A US District Court in New York just rejected Google’s book settlement with publishers – the one that allows Google to scan all the books in the world and index them online.
In a summary, Judge Denny Chin writes “many of the concerns raised in the objections would be ameliorated if the [Google Booksagreement] were converted from an opt-out to an opt-in settlement.”
The settlement was first reached in November 2008.
Complaints about the agreement were:
- Class members were given inadequate notice of the original proposed settlement
- Certain objectors, including some foreign authors, academic authors, Insert authors, and others object to the adequacy of representation.
- Certain objectors, including two of Google’s major competitors, Amazon.com, Inc. (“Amazon”) and Microsoft Corp. (“Microsoft”), object to the ASA on the grounds it would violate existing copyright law.
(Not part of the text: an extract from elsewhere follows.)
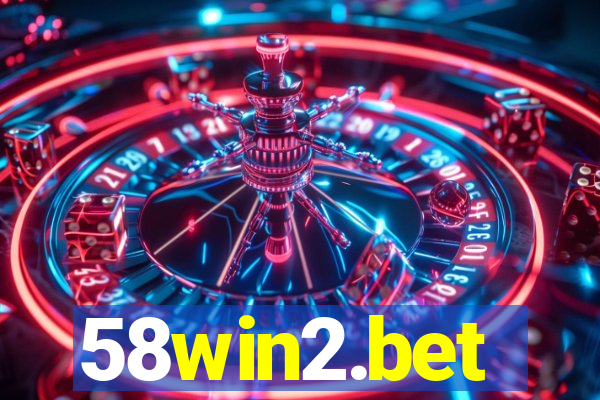 58win2.bet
- Privacy violations (Google shouldn’t know what I’m reading!)
- Foreign law problems.
The big problem was antitrust concerns. Here’s how Judge Chin put it:
“Certain objectors oppose the ASA on antitrust grounds, arguing that (1) certain pricing mechanisms would constitute horizontal agreements that would violate the Sherman Act; (2) the ASA would effectively grant Google a monopoly over digital books, and, in particular, orphan books; and (3) such a monopoly would further entrench Google’s dominant position in the online search business.”